Unfortunately, this best-effort approach is not suitable for file names, as file names are also identifiers in Debsources: among other places, they are part of URLs. If an URL were to use placeholder characters to replace those bytes, there would be no deterministic way to match it with a file on disk anymore.

The representation of binary data into text is a known problem. Multiple lossless solutions exist, such as base64 and its variants, but URLs looking like https://sources.debian.org/src/Y293c2F5LzMuMDMtOS4yL2Nvd3NheS8= are not readable at all compared to https://sources.debian.org/src/cowsay/3.03-9.2/cowsay/. Plus, not backwards-compatible with all existing links.

The solution I chose is to use double-percent encoding: this allows the representation of any byte in an URL, while keeping allowed characters unchanged - and preventing CGI gateways from trying to decode non-UTF-8 bytes. This is the best of both worlds: regular file names get to appear normally and are human-readable, and funky file names only have percent signs and hex numbers where needed.

Here is an example of such an URL: https://sources.debian.org/src/aspell-is/0.51-0-4/%25EDslenska.alias/. Notice the %25ED to represent the percentage symbol itself (%25) followed by an invalid UTF-8 byte (%ED).

Transitioning to this was quite a challenge, as those file names don't only appear in URLs, but also in web pages themselves, log files, database tables, etc. And everything was done with str: made sense in python2 when str were bytes, but not much in python3.

What are those files? What's their network?

I was wondering too. Let's list them!

import os

with open('non-utf-8-paths.bin', 'wb') as f:
    for root, folders, files in os.walk(b'/srv/sources.debian.org/sources/'):
        for path in folders + files:
            try:
                path.decode('utf-8')
            except UnicodeDecodeError:
                f.write(root + b'/' + path + b'\n')

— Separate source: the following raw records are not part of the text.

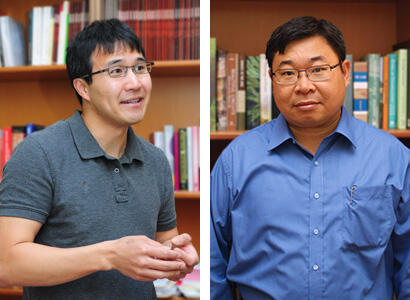 Two side-by-side photos of men in front of full bookshelves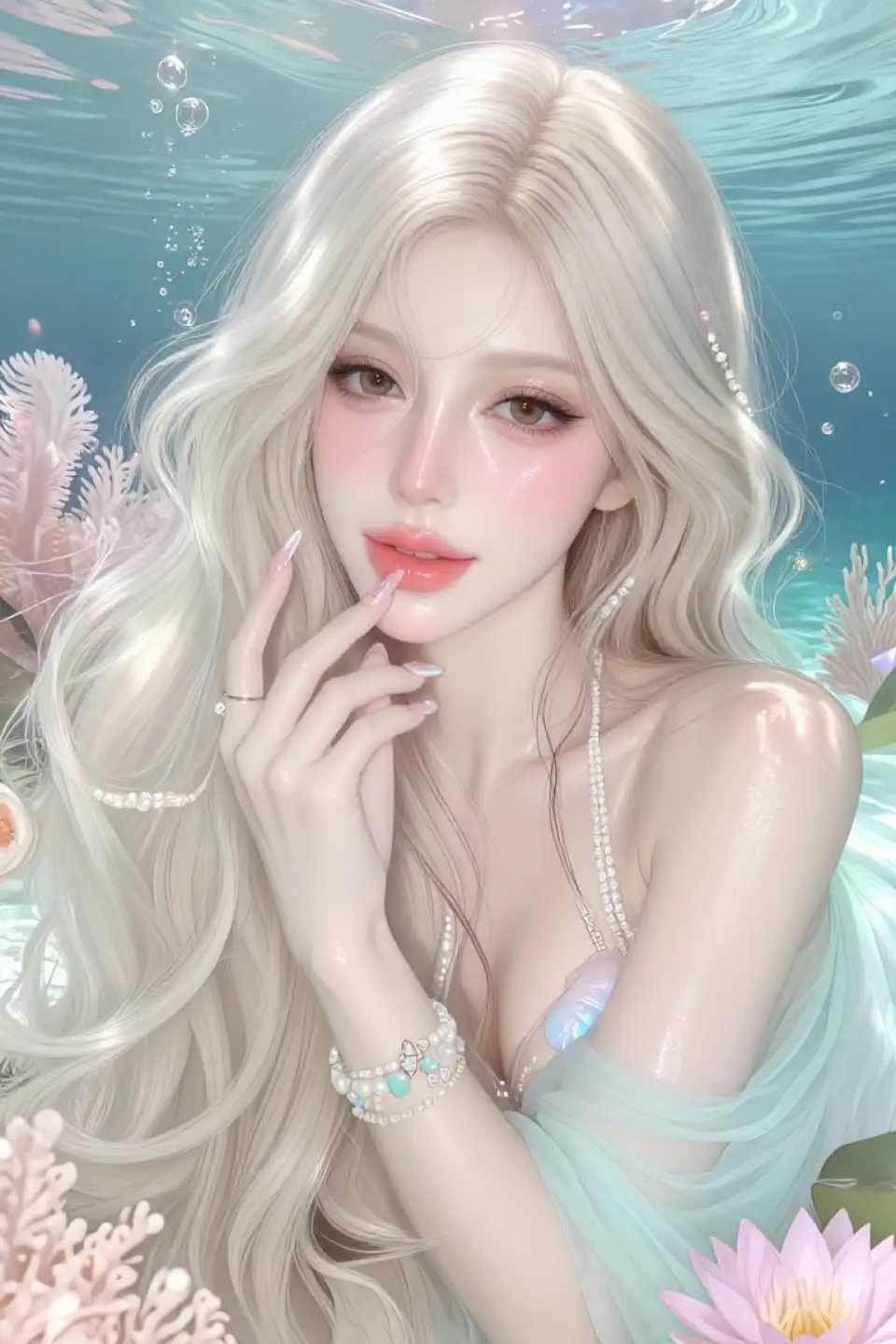 深海珍珠少女插画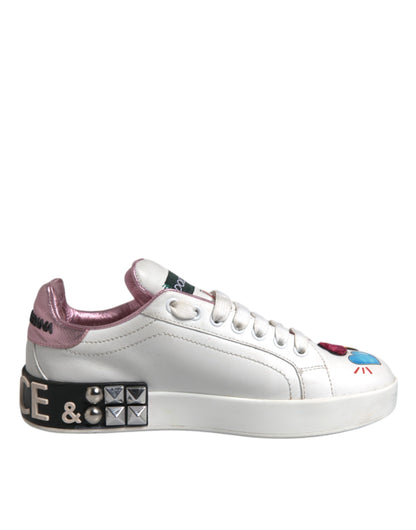 Dolce &amp; Gabbana Weiße Pailletten Kristall Low Top Sneakers Schuhe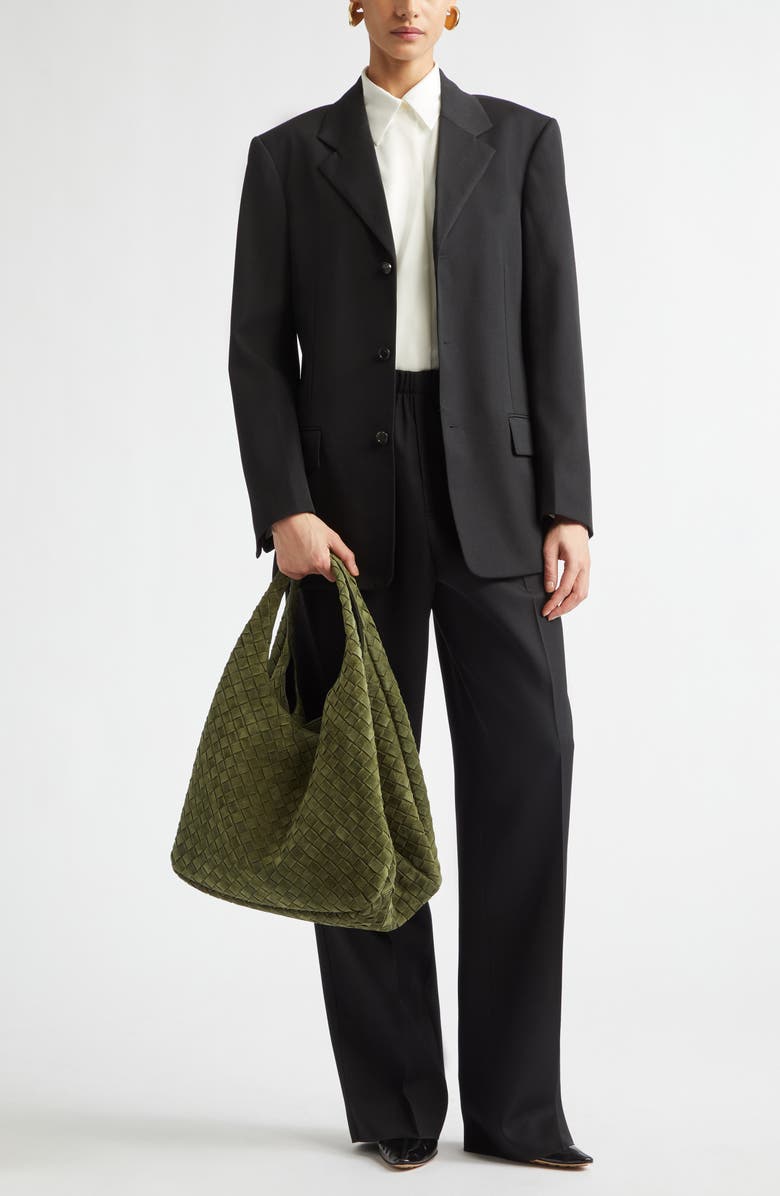 Bottega Veneta Wool Grain de Poudre Wide Leg Pants, Alternate, color, 1010 Double Black
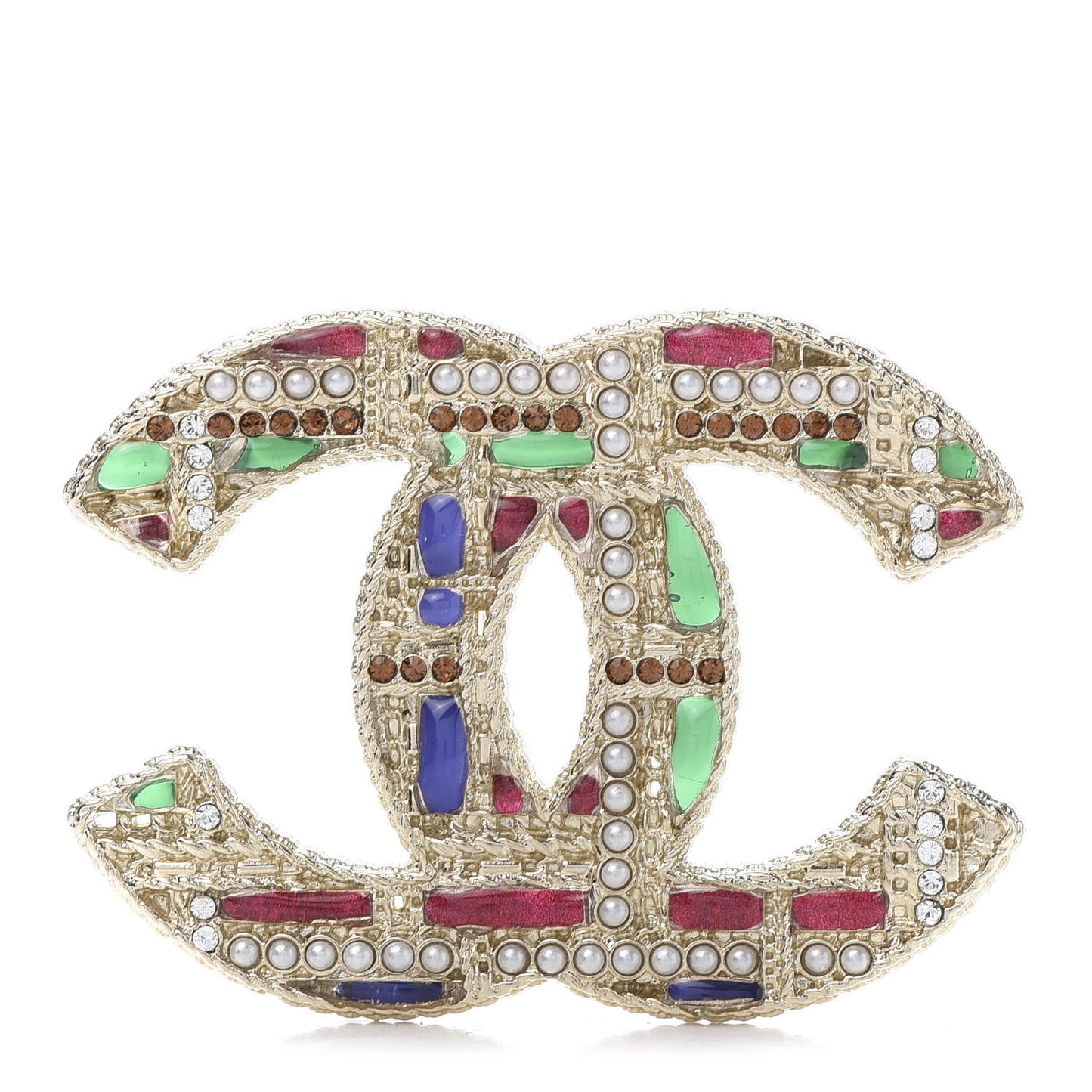 Crystal Pearl CC Tweed Brooch Gold Multicolor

Running this on the Debsources main instance, which hosts pretty much all Debian packages that were part of a Debian release, I could find 307 files (among a total of almost 100 million files).

Without looking deep into them, they seem to fall into 2 categories:

File names that are not valid UTF-8, but are valid in a different charset. Not all software is developed in English or on UTF-8 systems.
File names that can't be decoded to UTF-8 on purpose, to be used as input to test suites, and assert resilience of the software to non-UTF-8 data.

That last point hits home, as it was clearly lacking in Debsources. A funky file name is now part of its test suite. ;)